Graft is a slang term for corruption in America, and in England and Ireland people generally mean ‘hard work’ when they talk about graft. The derivation of the term graft in this sense is unknown and it is also unclear whether it is related to graft in the sense of grafting something onto a plant.

Cassidy says that grafter is from the Irish grafadóir. According to him, this means “a grubber, a scrounger or moocher; fig. a professional politician”. This looks pretty impressive, until you start to think about it carefully and look for evidence. Firstly, I would have thought that graft was the basic word and that grafter and grafting are derived from it. Yet the word grafadh (pronounced graffa or graffoo), which is the activity, doesn’t sound much like graft, which has a very English look to it. There are lots of words in English with -ft at the end – loft, soft, aft, daft, raft. But none in Irish.

Then there is the little matter of the meaning. According to Ó Dónaill and Dinneen, the word grafadh means to grub or hoe, to dig through the topsoil and remove roots and stalks. It doesn’t mean to mooch or to scrounge and has no connection with politicians.

So why did Cassidy say it did? Well, probably because Cassidy was a liar and a fantasist.

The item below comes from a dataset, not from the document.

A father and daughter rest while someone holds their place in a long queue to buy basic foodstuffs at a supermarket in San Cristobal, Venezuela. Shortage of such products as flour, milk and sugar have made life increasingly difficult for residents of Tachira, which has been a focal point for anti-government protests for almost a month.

He gives no references, so it is impossible to check if he had a genuine source which contradicts the dictionaries but I’m quite sure he didn’t. Some people  – especially internet trolls – seem to think that the system of referencing used by academics is simply an arcane and random set of rules designed to keep amateurs out and give the academics themselves an unfair advantage. As examples like this show, the system of referencing developed so that people can check facts and sources for themselves and to make it harder for people to lie by presenting fake information as fact.

All I can do in this case is stress that the Irish dictionaries do not support Cassidy’s assertion. It is true that the Irish for a hoer slightly resembles an American slang word for a corrupt politician. The rest of Cassidy’s claim is fantasy and the likelihood of there being any connection between the word graft and Irish is very, very remote.